I was moved by EcoSoul’s musings on the Gulf Oil Spill:
I find myself near tears every time I see images of the disaster caused by BP in the Gulf of Mexico. I’ve resorted to not reading everything that is posted on FB nor watching much television but as I spend time in South Texas with my family I am reminded of the intimate connection I have had with the Gulf. It is the first natural body of water I ever swam in, and it is the body of water that gave me the taste of my first shrimp. It is the place I spent time with my mother as a child; just she and I walking along the beach enjoying each others company. I am grateful for the Gulf and as a spiritual person who is an Oricha priest I recognize the natural spirit of Yemaya as a deity of nurturance and family and abundance and the home of the millions of ancestors that did not survive the Middle Passage. I weep for all that humans have done to desecrate the earth, sky and sea. We have become alienated against nature, due to a variety of reasons but now we have the opportunity to reconnect, to wake up and recognize that we are not separate from nature and all of it is sacred. This is a revolutionary idea for some; the belief and understanding that nature is sacred, that there are messages of healing and hope found in the bosom of the earth if only we would make ourselves available to listen. So as we take in the trauma of seeing millions of gallons of oil in the gulf and the many animal and plant life that have been destroyed honor the trauma that you feel–it means you are ALIVE and a feeling sentinent being; you are not strange, or too sensitive you are a human being that recognizes and feels your connection to all beings not just the two legged.
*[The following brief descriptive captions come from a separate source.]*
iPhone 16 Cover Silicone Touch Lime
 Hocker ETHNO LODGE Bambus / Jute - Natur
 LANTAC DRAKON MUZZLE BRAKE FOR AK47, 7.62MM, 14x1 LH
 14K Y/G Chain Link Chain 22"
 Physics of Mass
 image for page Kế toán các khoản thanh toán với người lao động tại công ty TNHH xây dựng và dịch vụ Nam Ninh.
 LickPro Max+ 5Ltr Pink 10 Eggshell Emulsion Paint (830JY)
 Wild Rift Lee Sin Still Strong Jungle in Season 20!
An Ecotherapy blog post by Linda Buzzel states that psychology is gaining a better understanding of the impact of second hand trauma on the human psyche. And because of the ubiquity of the environmental and human disasters we now face, most of us suffer from it. According to the psychologist Peter Levine the author of “Waking the Tiger: The Innate Capacity to Transform Overwhelming Experiences” animals deal with trauma by literally shaking it off and going on with life, and not getting themselves stuck in the fight, flight freeze syndrome that keeps humans in a constant state of stress.
The new field of ecotherapy suggests we develop strategies to learn how to deal with this type of trauma. Reconnecting with nature through ritual, joining a local conservation group, advocating for environmental justice, and reducing our consumption of oil are some strategies for healing the trauma and pain we may feel.
May we all find our way back home to our true nature, may our prayers of healing extend to our nonhuman allies and may we shake off this trauma so that we can be awake and grounded to make sure that it never happens again.